Fun question. The honest answer is that “Sierra was a public company. As CEO of a public company, my responsibility was to the shareholders, and I had to do what I felt was in the best interests of the shareholders.” We received an offer to acquire the company that represented a premium to the price we were trading at of approximately 50%. Also importantly, Walter Forbes, the CEO of the company who acquired us, had a vision to acquire several of Sierra’s competitors and create a “mega-company” which would move Sierra into another plateau, and give it much greater distribution around the world. This meant higher revenues for all of our products, and bigger budgets for our products.

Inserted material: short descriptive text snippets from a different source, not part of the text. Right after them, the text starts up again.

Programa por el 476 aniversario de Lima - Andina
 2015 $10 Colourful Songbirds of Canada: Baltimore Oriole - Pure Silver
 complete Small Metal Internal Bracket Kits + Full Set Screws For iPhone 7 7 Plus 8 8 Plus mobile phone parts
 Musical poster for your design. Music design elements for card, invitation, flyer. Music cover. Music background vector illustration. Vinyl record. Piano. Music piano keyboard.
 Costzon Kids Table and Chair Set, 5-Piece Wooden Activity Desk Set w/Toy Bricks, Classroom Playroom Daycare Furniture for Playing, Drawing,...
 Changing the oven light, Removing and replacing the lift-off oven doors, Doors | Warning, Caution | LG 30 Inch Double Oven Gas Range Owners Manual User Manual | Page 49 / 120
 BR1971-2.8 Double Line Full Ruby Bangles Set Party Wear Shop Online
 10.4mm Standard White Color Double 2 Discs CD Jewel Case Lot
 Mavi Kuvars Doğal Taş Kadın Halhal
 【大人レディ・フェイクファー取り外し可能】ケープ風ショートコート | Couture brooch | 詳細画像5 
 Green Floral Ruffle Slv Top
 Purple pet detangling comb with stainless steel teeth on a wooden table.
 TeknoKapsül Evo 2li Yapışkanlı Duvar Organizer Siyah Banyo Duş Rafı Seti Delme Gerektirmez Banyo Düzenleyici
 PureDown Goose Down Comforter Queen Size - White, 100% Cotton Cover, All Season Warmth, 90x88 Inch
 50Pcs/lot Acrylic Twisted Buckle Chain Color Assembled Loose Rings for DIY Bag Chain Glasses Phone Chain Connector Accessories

Initially I refused the acquisition offer, believing that Sierra would lose its creative ability to build product if rolled into a conglomerate. To counter my objection, the acquiring company put in place a structure which guaranteed Sierra its independence. There was an agreement that only “non-creative” pieces, such as manufacturing and sales offices would be consolidated, and that I would continue to run all the groups that built product. With the belief that Sierra would “remain Sierra” I agreed to the merger.
What none of us knew at the time was the the company who acquired us did not have pure motives. None of the promises made were kept, and ultimately criminal charges were filed against the company who acquired us. There is still criminal litigation in progress against Walter Forbes. Some members of the management team of the company that acquired have already been convicted.
So .. to answer the question .. It wasn’t the sale that hurt Sierra. What killed Sierra was that it was acquired by criminals. I still believe that based on the information I had at the time, the decision I made was in Sierra’s best interests. Unfortunately, I got scammed.